Subscribe
About

Lashings of delicious data

Companies have a false sense of confidence in large quantities of data.

Jessie Rudd
By Jessie Rudd, Technical business analyst at PBT Group
Johannesburg, 03 Mar 2014

With the arrival of big data and our wholehearted embrace of it, the adage bigger is better has truly come into its own. Our ability to analyse terabyte upon terabyte of data, fast, really is terribly impressive. We march off to business and convince them with true earnestness in our hearts that we can solve all their problems if we just analyse all the data available to us. Surely bigger and more data will reveal more and better insight? Surely?

No - adding more data is not a panacea. Being thoughtful about what needs to be studied, the why of it all, and the careful selection of the data that is relevant to those objectives, will produce much better results in the end.

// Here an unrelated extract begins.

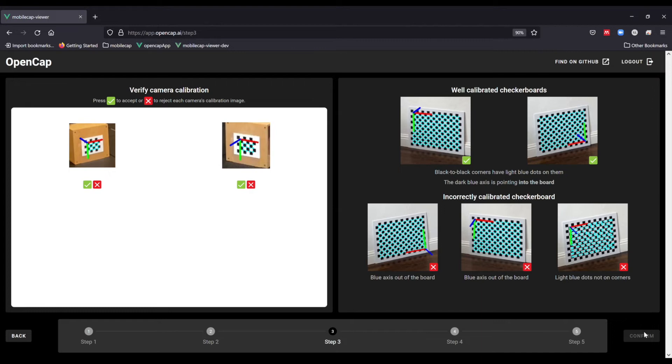You will also see a reference frame in either the upper left or lower right of the checkerboard. The important thing to check for is that the blue axis appears to be facing into the board. In this calibration, the first image on the left has the blue axis pointing into the board, so it is correct.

Big data has inherent faults. Its very nature is massive, but unruly, untidy and biased. It is often assumed the data being presented or looked at is factual and absolute, while in reality, it is without organisation and context. When big data first arrived, with its 'massive potential for business' bang, the voices of the sceptical and cautious were drowned out by the clamouring of the all-embracing and ever eager masses. However, over time, their cautions and warnings are slowly being proven true.

Predisposition

Dan Ness, principal research analyst at MetaFacts, says: "A lot of big data today is biased and missing context, as it's based on convenience samples or subsets. We're seeing valiant, yet misguided attempts to apply the deep datasets to things that have limited relevance or applicability. They're being stretched to answer the wrong questions." (1)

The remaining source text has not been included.